The financial markets have begun to reassess Fed Chairman Bernanke’s monetary policy comments. Several Fed officials spoke last week, each echoing Bernanke’s key messages: 1) policy will remain data-dependent, 2) tapering is not tightening, and 3) a rise in the federal funds target rate is a long time off. With an emphasis on data-dependence, the economic figures should get more scrutiny from the markets. Still, there’s a sense that hope plays a major role the Fed’s economic outlook.

“I want to emphasize the importance of data over date. If the Committee's economic outlook is broadly realized, there will likely be a moderation in the pace of purchases later this year. If the performance of the economy is weaker, the Committee may delay before moderating purchases or even increase them. If the economy strengthens faster than the Committee anticipates, the pace of purchases may be moderated somewhat more quickly. The path of purchases is in no way predetermined; we will monitor economic data and adjust our purchases as appropriate.” – Fed Governor Powell

“Nothing we have said suggests a change in our reaction function for the path of the short-term policy rate, and my sense is that our sharpened guidance on the duration of the asset purchase program also leaves us close to where market expectations – as expressed, for example, in various surveys that we monitor – were beforehand.”;– Fed Governor Stein

Fed policymakers are optimistic that the economy will improve in the months ahead. Headwinds have faded. The housing sector is now a tailwind. Residential construction activity is a small part of overall GDP, but rising home prices have a big impact on household balance sheets. There are still a large fraction of homeowners underwater on their mortgages, but the increase in home prices helps to reduce these strains. The biggest drag this year is fiscal policy, which is expected to shave about 1.5 percentage points from GDP growth.

Oddly, while the Fed and most economists are optimistic about the second half of the year, the recent data point to softer growth in the first half of the year. Real GDP growth was revised down to a 1.8% annual rate in the 3rdestimate for 1Q13 and most of that was in the meat and potatoes (consumer spending and business fixed investment). Consumer spending (70% of GDP) now appears to have had much less momentum at the end of the first quarter and appears to be tracking at about a 1.6% annual rate in 2Q13. Shipments of nondefense capital goods ex-aircraft, a rough proxy for business fixed investment, fell at a 1.2% annual rate in the first two months of 2Q13 (vs. +5.8% in 1Q13). Note that annual benchmark revisions to the GDP data are due on July 31, so the trend in spending could change. In addition, this will be a comprehensive revision. The Bureau of Economic Analysis will make changes to the methodology (the biggest change will be the addition of intellectual property products to business fixed investment).

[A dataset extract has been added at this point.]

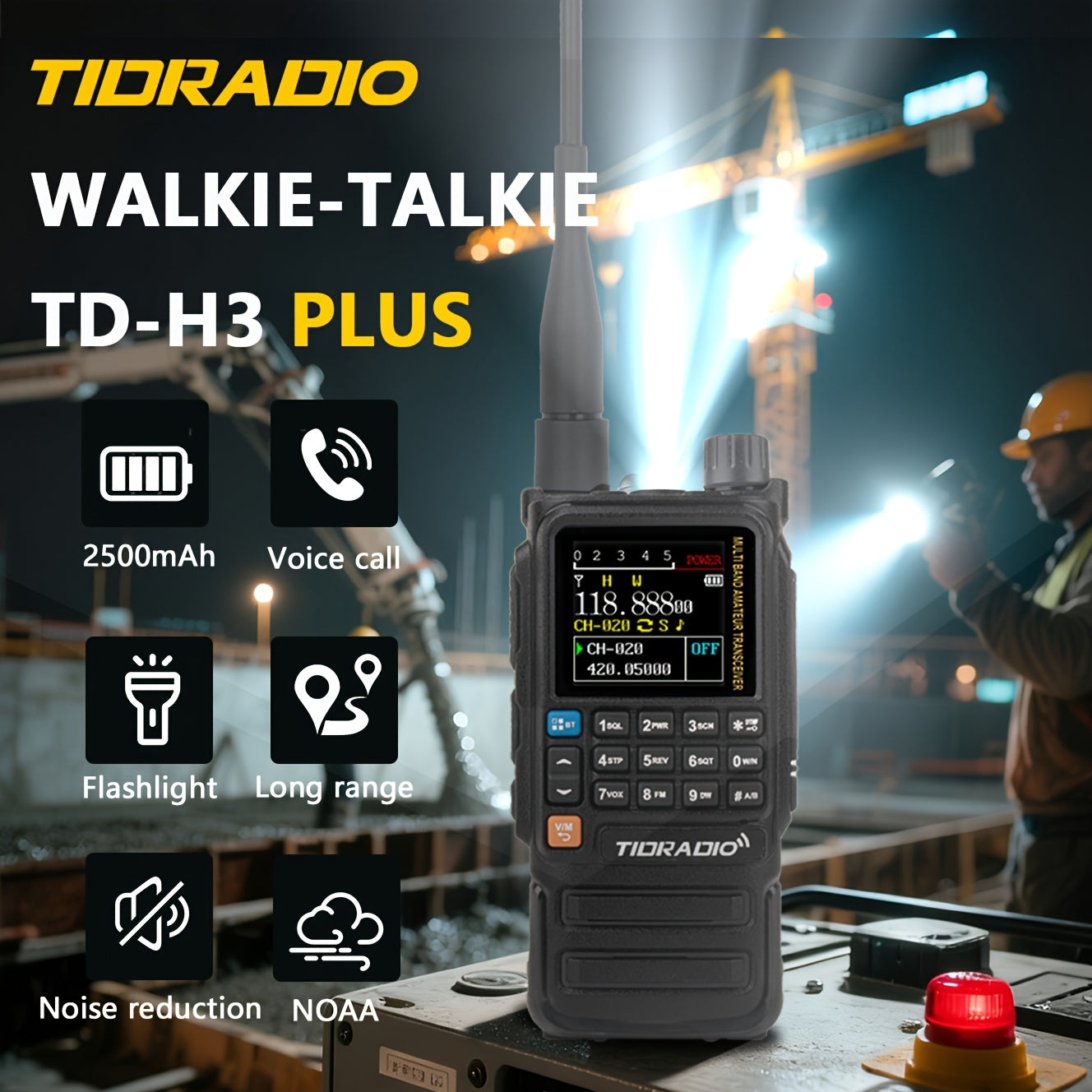 TIDRADIO H3 PLUS | Ham Radio Multi-Band Two-Way Radios with AM/ FM & Wireless Headset Compatibility | 5000km Long Range Walkie Talkies for Camping & Emergency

In recent speeches, Fed officials continued to note that fiscal policy is the major economic headwind this year. The expectation of second half improvement in growth is based on an expected fading of the fiscal policy drag. Most of the drag comes from the increase in the payroll tax. Households should be adjusting to that, but the impact on spending could still have a longer lag. In addition, sequester cuts to government spending occur over time. That should have a dampening effect on GDP growth in 3Q13, but it’s unclear how much and whether strength in other areas, such as housing, will offset that.

Except for St. Louis President Bullard, Fed officials have been complacent about the low trend in inflation, which is seen as being due to “transitory” factors. However, if economic growth fails to pick up in the second half, the low inflation trend could become much more problematic. Inflation-adjusted interest rates are what matters for the economy. Real rates have risen.